A lot of applications have a need to execute commands on the machine. There are several use cases: a program might wish to wait for a command to complete (for instance the command generates a file that the application then needs to parse); it might spawn a command in the background and continue to execute in the meantime; or it might need to interact with an external application (sending data to its input stream and reading its output).

Spawning a process that the application doesn't need to interact with is easy. The GNAT run-time provides a package GNAT.OS_Lib containing a number of subprograms that are low-level interfaces to the system. In particular, the package provides several subprograms with names Spawn and Non_Blocking_Spawn which, as their name indicates, will spawn an external application, and wait or not for its completion.

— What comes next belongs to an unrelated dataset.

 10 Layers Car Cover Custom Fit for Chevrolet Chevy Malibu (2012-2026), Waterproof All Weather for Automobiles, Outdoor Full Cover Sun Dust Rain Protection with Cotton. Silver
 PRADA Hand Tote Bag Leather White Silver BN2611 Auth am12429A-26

with GNAT.OS_Lib;  use GNAT.OS_Lib;

procedure Main is
   Command : constant String := "myapp -f 'a string with spaces'";
   --  We assume the slightly more complex case where the arguments of the
   --  command are part of the same string (this is generally the case when
   --  the command is provided interactively by the user).

   Args        : Argument_List_Access;
   Exit_Status : Integer;
   Pid         : Process_Id;
   Success     : Boolean;

   --  Prepare the arguments. Splitting properly takes quotes into account.

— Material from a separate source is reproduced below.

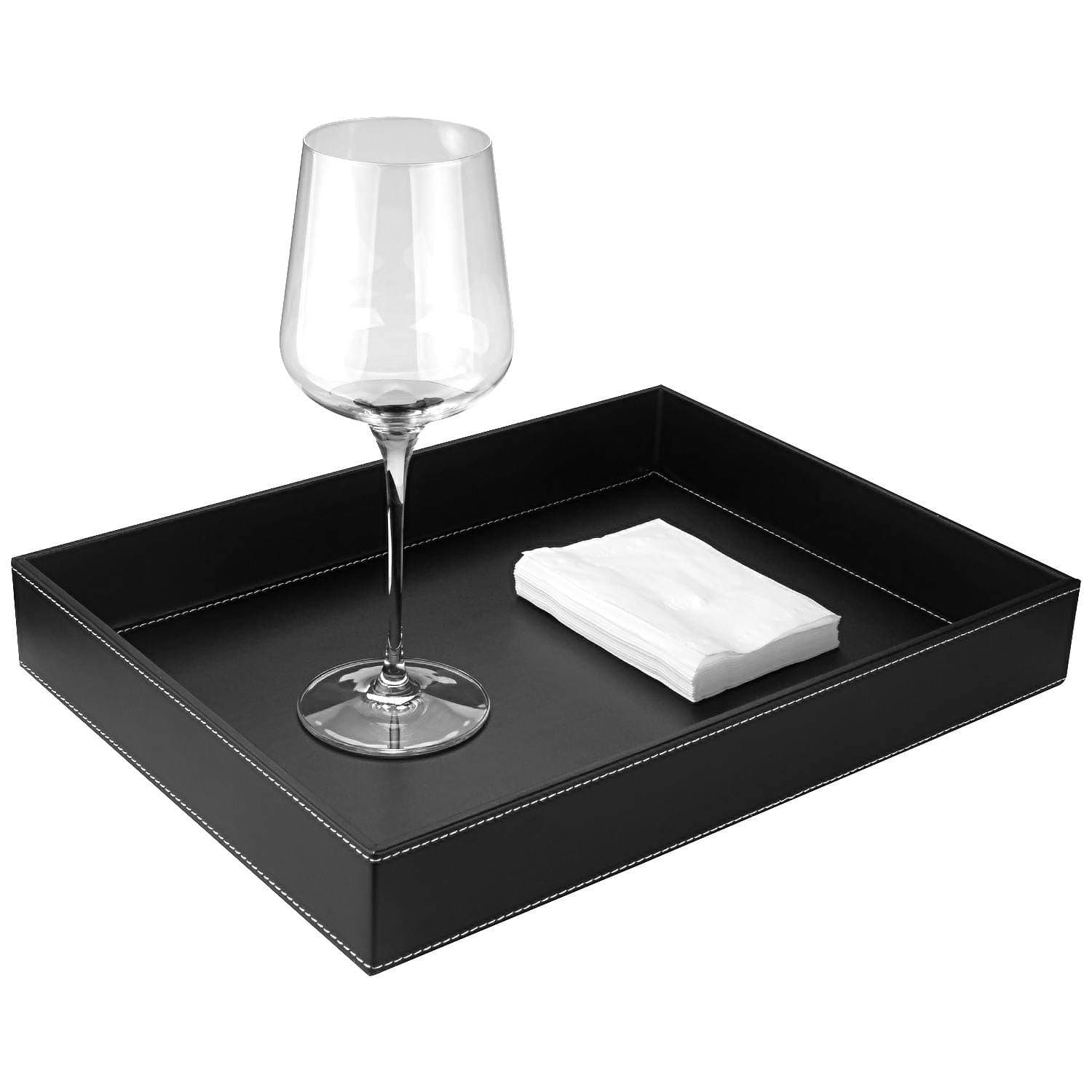 ABuffABuff Black Leather Tray, Rectangle PU Decorative Serving Tray, 15.7 x 12 Inch Black Coffee Table Tray, Elegant Desktop Storage Catchall Tray, Men Vanity Tray for Office, Breakfast, Butler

   Args := Argument_String_To_List (Command);

   --  Spawn the command and wait for its possible completion

   if Background_Mode then
      Pid := Non_Blocking_Spawn
         (Program_Name => Args (Args'First).all,
          Args         => Args (Args'First + 1 .. Args'Last));

      --  We could also wait for completion:
      --  Wait_Process (Pid, Success);

      Exit_Status := Spawn
         (Program_Name => Args (Args'First).all,
          Args         => Args (Args'First + 1 .. Args'Last));
   end if;

   --  Free memory
   Free (Args);

end Main;

While discussing GNAT.OS_Lib, it is worth investigating its remaining subprograms. They provide system-independent file manipulation (checking whether a file exists, whether it is a directory or a symbolic link, access to the date of the last modification for the file, copying, deleting, and renaming files, etc.). One very interesting subprogram is Normalize_Pathname, which is able to resolve symbolic links and convert the casing of file names depending on whether they can be accessed using a unique name or with case insensitivity. This provides a convenient way to check whether two file names are the same (handling "..", symbolic links, and case resolution is quite complicated to get right and system-independent, and GNAT.OS_Lib takes care of it for you).

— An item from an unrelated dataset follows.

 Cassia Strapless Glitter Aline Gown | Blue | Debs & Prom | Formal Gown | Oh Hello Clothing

Among the three use cases we mentioned at the beginning, the most complicated one is where the application needs to interact with a process. Such interaction is provided through the GNAT.Expect package. Here, you can spawn a process, and, while it is running, send it input and read its output. Communication between the two processes is done through pipes. Another implementation, using an approach based on ttys (pseudo terminals), is planned to be made available as part of the GNAT Reusable Components, and is designed to provide a closer emulation of what happens when you spawn a process from a terminal.

Here is an example of using GNAT.Expect:

with GNAT.Expect;  use GNAT.Expect;

procedure Main is
   Command : constant String := "gdb myapp"; --  Let's spawn a debugger session.
   Pd      : Process_Descriptor;
   Args    : Argument_List_Access;
   Result  : Expect_Match;

   --  First we spawn the process. Splitting the program name and the
   --  arguments is done as in the previous example, using
   --  Argument_String_To_List. Remember to free the memory at the end.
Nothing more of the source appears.